> **Brief**: When you output the entries, begin with the first line and end with the line containing "player_image", keeping each line exactly as it is.

> **Records for the task**:
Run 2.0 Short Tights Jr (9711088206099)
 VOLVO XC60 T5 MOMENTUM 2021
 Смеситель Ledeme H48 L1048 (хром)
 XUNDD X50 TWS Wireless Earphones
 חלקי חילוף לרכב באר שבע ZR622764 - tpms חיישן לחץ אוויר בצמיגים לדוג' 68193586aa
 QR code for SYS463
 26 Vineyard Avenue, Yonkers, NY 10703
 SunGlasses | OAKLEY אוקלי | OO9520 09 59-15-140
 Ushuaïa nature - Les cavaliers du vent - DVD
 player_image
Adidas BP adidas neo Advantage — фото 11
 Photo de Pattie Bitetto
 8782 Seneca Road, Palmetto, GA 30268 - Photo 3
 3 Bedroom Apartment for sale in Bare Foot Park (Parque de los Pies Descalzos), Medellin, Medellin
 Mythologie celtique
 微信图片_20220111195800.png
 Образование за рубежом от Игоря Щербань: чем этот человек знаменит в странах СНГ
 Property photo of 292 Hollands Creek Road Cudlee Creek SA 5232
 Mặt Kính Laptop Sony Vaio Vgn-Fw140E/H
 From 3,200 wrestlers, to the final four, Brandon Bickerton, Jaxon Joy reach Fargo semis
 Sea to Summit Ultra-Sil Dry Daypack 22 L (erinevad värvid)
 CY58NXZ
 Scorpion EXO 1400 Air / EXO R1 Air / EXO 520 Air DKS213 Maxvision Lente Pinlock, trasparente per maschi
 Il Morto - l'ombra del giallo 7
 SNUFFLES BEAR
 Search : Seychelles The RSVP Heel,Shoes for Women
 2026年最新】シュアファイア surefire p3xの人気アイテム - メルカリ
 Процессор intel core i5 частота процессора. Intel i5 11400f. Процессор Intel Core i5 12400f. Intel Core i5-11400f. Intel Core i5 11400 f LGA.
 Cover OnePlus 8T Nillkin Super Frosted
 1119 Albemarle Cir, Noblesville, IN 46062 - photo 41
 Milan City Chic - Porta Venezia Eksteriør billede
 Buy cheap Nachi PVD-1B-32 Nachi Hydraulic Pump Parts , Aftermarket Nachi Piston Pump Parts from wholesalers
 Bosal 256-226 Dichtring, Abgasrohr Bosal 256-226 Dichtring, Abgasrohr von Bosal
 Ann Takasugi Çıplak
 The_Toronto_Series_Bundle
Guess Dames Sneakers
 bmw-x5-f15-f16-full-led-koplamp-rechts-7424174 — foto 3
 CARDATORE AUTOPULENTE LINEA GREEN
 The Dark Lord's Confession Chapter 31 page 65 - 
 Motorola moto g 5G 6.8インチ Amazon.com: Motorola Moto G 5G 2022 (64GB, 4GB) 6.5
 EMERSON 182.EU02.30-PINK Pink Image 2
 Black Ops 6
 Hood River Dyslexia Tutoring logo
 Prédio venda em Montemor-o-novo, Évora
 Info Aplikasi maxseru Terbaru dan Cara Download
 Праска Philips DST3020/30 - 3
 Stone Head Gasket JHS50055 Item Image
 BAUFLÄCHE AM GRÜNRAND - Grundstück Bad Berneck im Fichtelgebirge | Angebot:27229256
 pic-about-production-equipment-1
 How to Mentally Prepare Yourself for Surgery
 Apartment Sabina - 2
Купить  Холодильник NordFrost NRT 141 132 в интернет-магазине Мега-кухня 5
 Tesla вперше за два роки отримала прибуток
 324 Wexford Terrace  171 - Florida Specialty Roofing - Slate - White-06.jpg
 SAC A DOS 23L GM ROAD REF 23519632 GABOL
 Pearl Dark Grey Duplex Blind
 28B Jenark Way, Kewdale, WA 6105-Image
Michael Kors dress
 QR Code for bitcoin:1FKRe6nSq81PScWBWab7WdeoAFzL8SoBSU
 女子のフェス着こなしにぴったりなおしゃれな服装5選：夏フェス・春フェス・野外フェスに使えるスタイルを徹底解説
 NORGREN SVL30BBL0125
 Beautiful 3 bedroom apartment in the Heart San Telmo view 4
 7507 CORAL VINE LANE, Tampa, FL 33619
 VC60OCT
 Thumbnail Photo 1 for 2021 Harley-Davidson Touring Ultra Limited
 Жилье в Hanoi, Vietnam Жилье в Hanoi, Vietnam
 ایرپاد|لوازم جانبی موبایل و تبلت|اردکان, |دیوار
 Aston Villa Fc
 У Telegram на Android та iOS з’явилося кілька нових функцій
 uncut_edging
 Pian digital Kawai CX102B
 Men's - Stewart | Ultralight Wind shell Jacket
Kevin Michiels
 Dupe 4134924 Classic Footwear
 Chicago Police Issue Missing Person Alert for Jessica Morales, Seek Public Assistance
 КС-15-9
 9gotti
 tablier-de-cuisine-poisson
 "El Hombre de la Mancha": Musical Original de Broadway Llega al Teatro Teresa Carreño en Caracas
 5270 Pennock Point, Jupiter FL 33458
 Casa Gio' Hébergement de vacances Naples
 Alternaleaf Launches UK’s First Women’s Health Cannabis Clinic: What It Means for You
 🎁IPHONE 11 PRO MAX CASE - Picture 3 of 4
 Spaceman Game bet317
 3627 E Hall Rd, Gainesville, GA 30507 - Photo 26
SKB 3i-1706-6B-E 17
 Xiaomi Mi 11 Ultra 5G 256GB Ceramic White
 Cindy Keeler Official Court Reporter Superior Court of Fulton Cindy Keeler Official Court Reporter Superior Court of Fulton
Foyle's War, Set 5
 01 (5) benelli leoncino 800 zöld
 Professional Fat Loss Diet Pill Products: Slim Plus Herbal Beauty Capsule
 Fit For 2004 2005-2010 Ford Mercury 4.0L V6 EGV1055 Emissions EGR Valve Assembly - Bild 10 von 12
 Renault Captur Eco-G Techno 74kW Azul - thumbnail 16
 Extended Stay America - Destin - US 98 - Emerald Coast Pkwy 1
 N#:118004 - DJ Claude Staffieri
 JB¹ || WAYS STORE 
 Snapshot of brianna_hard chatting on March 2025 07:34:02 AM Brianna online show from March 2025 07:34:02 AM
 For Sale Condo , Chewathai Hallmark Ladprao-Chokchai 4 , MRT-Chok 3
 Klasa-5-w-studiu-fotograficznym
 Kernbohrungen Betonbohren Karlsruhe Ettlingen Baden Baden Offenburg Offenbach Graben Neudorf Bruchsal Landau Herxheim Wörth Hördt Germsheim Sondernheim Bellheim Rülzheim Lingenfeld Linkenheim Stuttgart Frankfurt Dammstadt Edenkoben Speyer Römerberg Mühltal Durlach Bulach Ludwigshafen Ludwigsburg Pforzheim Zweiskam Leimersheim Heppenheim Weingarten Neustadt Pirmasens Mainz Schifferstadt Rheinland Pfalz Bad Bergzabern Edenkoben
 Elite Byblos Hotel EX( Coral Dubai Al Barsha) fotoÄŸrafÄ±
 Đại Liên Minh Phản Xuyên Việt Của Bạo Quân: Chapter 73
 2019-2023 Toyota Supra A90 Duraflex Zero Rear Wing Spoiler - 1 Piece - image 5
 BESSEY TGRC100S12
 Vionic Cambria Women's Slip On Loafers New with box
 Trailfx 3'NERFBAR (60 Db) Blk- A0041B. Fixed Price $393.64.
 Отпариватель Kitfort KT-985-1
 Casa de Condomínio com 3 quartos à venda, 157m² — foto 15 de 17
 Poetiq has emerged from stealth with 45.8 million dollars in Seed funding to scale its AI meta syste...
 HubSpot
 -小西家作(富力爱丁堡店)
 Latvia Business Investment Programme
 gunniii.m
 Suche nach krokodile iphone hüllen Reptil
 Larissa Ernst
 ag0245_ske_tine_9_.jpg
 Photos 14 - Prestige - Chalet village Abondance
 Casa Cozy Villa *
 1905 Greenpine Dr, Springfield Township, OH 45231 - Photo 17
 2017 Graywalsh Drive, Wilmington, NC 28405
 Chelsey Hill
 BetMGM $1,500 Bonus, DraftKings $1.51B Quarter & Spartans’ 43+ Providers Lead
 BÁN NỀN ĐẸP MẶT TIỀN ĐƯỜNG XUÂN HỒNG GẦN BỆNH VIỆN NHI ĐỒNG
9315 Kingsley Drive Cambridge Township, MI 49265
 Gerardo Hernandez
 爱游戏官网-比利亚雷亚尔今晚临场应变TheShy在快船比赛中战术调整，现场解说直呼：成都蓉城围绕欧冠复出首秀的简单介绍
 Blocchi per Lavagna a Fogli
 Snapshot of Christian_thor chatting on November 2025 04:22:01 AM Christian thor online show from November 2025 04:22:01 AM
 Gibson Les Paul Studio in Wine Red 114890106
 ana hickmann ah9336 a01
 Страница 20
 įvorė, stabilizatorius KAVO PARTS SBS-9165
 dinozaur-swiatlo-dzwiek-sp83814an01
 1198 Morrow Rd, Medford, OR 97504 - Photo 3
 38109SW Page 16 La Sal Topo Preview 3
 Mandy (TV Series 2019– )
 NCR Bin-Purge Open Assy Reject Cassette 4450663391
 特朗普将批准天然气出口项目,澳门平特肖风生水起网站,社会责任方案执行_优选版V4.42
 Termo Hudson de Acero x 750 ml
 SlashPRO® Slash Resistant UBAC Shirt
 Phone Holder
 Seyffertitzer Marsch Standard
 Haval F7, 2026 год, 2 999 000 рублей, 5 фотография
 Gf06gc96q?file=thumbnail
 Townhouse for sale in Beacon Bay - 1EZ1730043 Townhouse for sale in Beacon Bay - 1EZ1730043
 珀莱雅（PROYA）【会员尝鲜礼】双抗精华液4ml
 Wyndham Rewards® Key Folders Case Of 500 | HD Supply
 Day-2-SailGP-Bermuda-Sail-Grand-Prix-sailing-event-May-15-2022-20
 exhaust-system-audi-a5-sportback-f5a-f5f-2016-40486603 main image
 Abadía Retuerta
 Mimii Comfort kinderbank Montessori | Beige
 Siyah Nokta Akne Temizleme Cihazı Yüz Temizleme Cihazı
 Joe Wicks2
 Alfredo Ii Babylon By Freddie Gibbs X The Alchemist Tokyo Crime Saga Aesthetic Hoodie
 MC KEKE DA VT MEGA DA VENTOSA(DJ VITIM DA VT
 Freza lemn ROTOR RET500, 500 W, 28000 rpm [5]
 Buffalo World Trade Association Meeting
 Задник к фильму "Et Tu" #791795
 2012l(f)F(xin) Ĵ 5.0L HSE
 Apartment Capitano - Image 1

> **Your response**:
Run 2.0 Short Tights Jr (9711088206099)
 VOLVO XC60 T5 MOMENTUM 2021
 Смеситель Ledeme H48 L1048 (хром)
 XUNDD X50 TWS Wireless Earphones
 חלקי חילוף לרכב באר שבע ZR622764 - tpms חיישן לחץ אוויר בצמיגים לדוג' 68193586aa
 QR code for SYS463
 26 Vineyard Avenue, Yonkers, NY 10703
 SunGlasses | OAKLEY אוקלי | OO9520 09 59-15-140
 Ushuaïa nature - Les cavaliers du vent - DVD
 player_image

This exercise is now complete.